«Однажды, уезжая в командировку, Волчек оставила Квашу в театре за старшего. Приезжает и...
«Однажды, уезжая в командировку, Волчек оставила Квашу в театре за старшего. Приезжает и обнаруживает, что он и Гафт, с которым Кваша всегда был в прекрасных отношениях, не разговаривают.
Оказалось, за время ее отсутствия Игорь умудрился «влепить» другу официальный выговор», — рассказывают коллеги Игоря Кваши Борис Любимов и Елена Миллиоти. Елена Миллиоти, актриса Московского театра «Современник», заслуженная артистка РСФСР:Игорь Кваша был ужасный спорщик, особенно если разговор заходил о футболе, который он очень любил. Не дай бог кому-то сказать что-то ему поперек — Кваша впадал в ярость, долго доказывал свою правоту, а на следующий день обязательно приносил доказательство. Например, газету, где подтверждалась его оценка: «Вот видишь, я был прав!» И на сцене, если Кваша «упирался рогом», его было не сдвинуть. Режиссеры предпочитали сразу с ним соглашаться: «Все нормально, Игорь Владимирович. Не волнуйтесь. Все хорошо».

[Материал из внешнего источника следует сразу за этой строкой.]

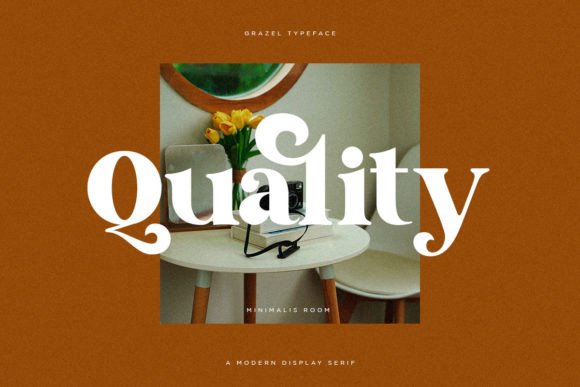 Grazel Font preview 2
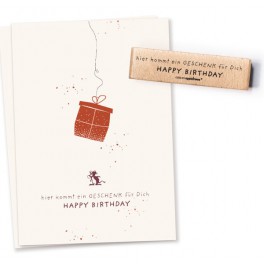 Stempel "Hase Pelle"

Для того чтобы в советские годы получить звание народного артиста, нужно было быть либо партийным, либо занимать избираемую общественную должность, то есть иметь доверие народа. Игорь Кваша был беспартийным. И чтобы ему получить звание, которого Кваша, безусловно, давно заслуживал, мы решили избрать его председателем месткома «Современника». Действительно, звание Кваше вскоре после этого дали. Но два года он возглавлял наш «сумасшедший» актерский местком и в этой должности сделал для театра очень много. И в связи с этим возникала масса противоречий с дирекцией театра, а иногда и худсоветом, в который входила половина членов того же месткома (Игорь Кваша, Мила Иванова, Гена Фролов, я). Например, на заседании худсовета выступает Галя Волчек: «Мы решили... О господи, что же я говорю: «Мы решили…» Ведь еще же надо, чтобы это утвердил местком. А местком будет, как всегда, против, будет опять орать». И мрачный Игорь, понимая, в чей огород этот камень, тут же отвечал: «Конечно, будем против. Что это ты еще придумала?»
Как и всякая профсоюзная организация, наш местком доставал путевки в санатории и детские лагеря, «выбивал» сотрудникам театра квартиры или комнаты, а у нашей дирекции — премии, организовывал праздники и юбилеи. Игорь часто был инициатором капустников. Но главным достижением Кваши в этой должности было то, что он смог перенести отпуск в театре с сентября на август, по просьбе наших актрис-матерей. Ведь когда дети идут в школу, становится не до отдыха. Организовать это было технически очень трудно, требовалось внести изменения в огромное количество документов и получить массу разрешений. Но Кваша ходил в дирекцию, гневался, кричал, обосновывал, доказывал. А гнева его боялись! Когда он входил в раж и впадал в ярость, начинало трясти всех вокруг, и тут лучше всего было с ним согласиться и уступить.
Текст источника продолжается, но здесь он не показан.